The Good Liar: Ian McKellen and Helen Mirren - together at last - slum it in a cheesy fraud thriller
By Jim Slotek
Rating: C-plus
A preposterous mess of romance-with-secrets, generations-old closet skeletons and revenge, The Good Liar is the kind of fragrant dramatic cheese that Sidney Sheldon would have squeezed an ‘80s network mini-series out of.
But the never-before-paired screen couple of Ian McKellen and Helen Mirren consume this cheese like so much scenery. There’s nothing like actors with gravitas slumming, all bemused smiles and droll delivery, even as the material descends clunkily into unintentional comedy.
Taken from the novel by Nicholas Searle, and directed by Bill Condon (Gods and Monsters, Dreamgirls), The Good Liar is the story of a con, only half of which is delivered up front. In the very first scene, we find that old codger Roy Courtnay (McKellen) is a good liar indeed, filling out an online dating profile, clicking “Non-smoker” and “non-drinker” boxes even as we see him puffing away and taking sips of whisky.
His date, Betty McLeish (Mirren) is a retired former Oxford teacher who is apparently charmed by Roy’s twinkle-eyed codger act. And an act it is, since, away from Betty, we see a foul-mouthed Roy take charge in a series of con-jobs selling fake investments to rich suckers, having people beaten when they cross him, and proving capable of murder.
Which makes Betty his next mark, with only her grandson Steven (Russell Tovey), a historian with a suspicious streak, raising an eyebrow at grand-mum’s hasty romance. When she invites Roy to move into her suburban home after their second date, even the viewer may be left wondering what turnip truck she fell off.
But as Roy and his crony Vincent (Jim Carter) lay their trap for Betty, there are hints of steel in her smile. The Good Liar is the sort of suspense thriller that isn’t very good at faking where it’s going. In bits and pieces, we find out more and more about Roy, but the real-deal with Betty is left for late in the film. The “truth” about everything we’ve been seeing is so implausible that it’s laid out in flashbacks with long passages of exposition and silent visuals.
It’s never clear how seriously we’re supposed to take The Good Liar. Certainly, there are outright laughs in the last act. And Condon, who’s capable of great subtlety, delivers a mawkish finale with a wartime trauma that is practically glossed over in its haste to finish.

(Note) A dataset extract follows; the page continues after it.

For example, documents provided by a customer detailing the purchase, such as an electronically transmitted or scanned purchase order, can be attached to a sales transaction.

Still, it is a joy to see the two leads work. McKellen hops brilliantly from frail senior to dangerous criminal, acting the role of a character whose whole life is an act.

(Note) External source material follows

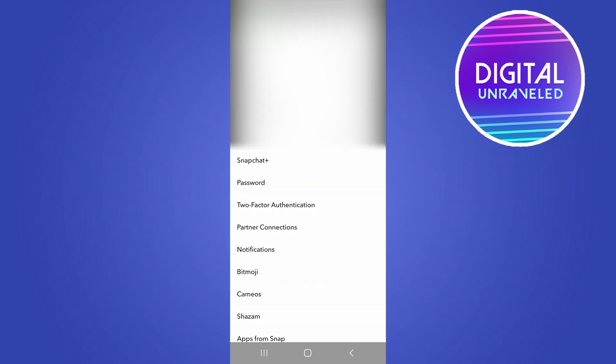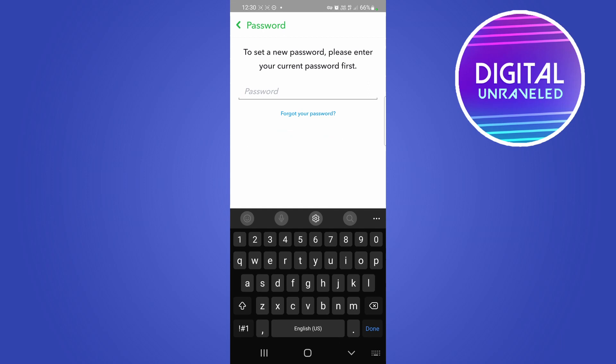You can reset your password and then whoever got logged out of your account, even if they have your password, they will no longer be able to get back into your account.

As for Mirren, she is so amazingly vital, that only a really good liar would ask us to believe she’s a widow, practically on death’s door, following a series of strokes. But then, nothing in The Good Liar is to be believed, and precious little of it is believable.
The Good Liar. Directed by Bill Condon. Starring Ian McKellen, Helen Mirren and Russell Tovey. Opens wide, Friday, November 15.